Measurement reproducibility and accuracy are of particular interest in radiology, since important clinical decisions are often based on CT measurements38,39. Accordingly to McErlean et al.40, “lesion measurements on images should be accurate, reproducible, and performed in a standardized fashion with low rates of intra- and interobserver variability”. Li et al.35 reported an interobserver correlation over 0.9 for BF and BV in normal pancreas. Xie et al.36 also observed substantial agreement (0.85). Our study evaluated intraobserver agreement by two methods: Bland-Altman and mixed model analysis; interobserver correlation was evaluated by mixed model analysis, considering session and reader effects. It is important to emphasize that we obtained perfusion measurements in pancreas without lesions, which may not reflect clinical practice where perfusion CT may be used to assess focal pancreatic lesions. This issue could be addressed in forthcoming studies”.

This study has some limitations. Our results are based on the readings of only three radiologists.

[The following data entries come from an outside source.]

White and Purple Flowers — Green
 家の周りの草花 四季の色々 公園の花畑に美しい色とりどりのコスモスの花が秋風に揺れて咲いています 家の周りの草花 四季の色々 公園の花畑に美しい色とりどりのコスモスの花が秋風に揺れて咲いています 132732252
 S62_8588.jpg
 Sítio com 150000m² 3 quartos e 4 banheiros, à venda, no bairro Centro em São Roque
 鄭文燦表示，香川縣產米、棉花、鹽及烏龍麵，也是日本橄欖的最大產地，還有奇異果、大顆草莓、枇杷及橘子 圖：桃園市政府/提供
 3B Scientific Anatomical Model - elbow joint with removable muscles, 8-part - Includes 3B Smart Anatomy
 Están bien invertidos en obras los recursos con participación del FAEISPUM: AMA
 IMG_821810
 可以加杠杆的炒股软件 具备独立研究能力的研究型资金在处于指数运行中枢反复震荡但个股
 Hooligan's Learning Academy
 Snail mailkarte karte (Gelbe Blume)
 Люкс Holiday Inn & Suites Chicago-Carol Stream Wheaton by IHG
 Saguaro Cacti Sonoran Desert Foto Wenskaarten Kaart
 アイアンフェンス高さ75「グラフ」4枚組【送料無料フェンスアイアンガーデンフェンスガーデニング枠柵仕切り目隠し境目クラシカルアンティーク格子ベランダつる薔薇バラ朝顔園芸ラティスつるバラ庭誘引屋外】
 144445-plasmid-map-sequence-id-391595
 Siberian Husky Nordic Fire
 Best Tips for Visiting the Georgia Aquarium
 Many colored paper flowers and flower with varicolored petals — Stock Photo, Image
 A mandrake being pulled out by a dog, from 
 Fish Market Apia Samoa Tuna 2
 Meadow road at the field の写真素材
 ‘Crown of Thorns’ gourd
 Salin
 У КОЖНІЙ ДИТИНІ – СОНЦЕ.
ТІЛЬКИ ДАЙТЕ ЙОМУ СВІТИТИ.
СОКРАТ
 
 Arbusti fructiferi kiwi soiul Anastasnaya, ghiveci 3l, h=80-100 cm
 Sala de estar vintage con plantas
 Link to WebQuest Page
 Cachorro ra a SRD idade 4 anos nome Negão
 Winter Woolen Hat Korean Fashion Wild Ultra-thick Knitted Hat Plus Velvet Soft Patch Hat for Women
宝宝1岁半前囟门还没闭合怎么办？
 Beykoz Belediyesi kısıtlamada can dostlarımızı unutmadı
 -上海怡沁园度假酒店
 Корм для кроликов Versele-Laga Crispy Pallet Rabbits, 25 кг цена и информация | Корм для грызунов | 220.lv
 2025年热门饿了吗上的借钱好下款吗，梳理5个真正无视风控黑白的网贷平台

This small number of observers may not truly represent the community of radiologists. The measures obtained by our least experienced reader (reader 3) showed poor intraobserver agreement for BV and MTT in the pancreatic tail and the whole pancreas in the Bland-Altman analysis, suggesting that a preliminary training session, which was not performed in this study, could improve intraobserver results. However, no differences attributable to a single reader were found in mixed model analysis. Second, we only applied maximal slope model to calculate perfusion parameters. There are many other methods that can be used for this purpose, including deconvolution model and dual-input single compartment, and these algorithms are not interchangeable. Although there is no consensus about the best method, maximal slope model is used in the majority of the studies on CT perfusion. Third, some reading sessions of the same patient were performed by a reader with a 24 hour interval. In such a short interval, the intraobserver results can be affected by an observer’s recognition of an image (memory bias).

In conclusion, our data support the use of pancreatic perfusion CT by radiologists of different levels of experience. BF in the head, BV in the tail, and TTP in all pancreatic regions seem to be the best parameters to ensure a reasonably reliable reproducibility for pancreatic perfusion CT.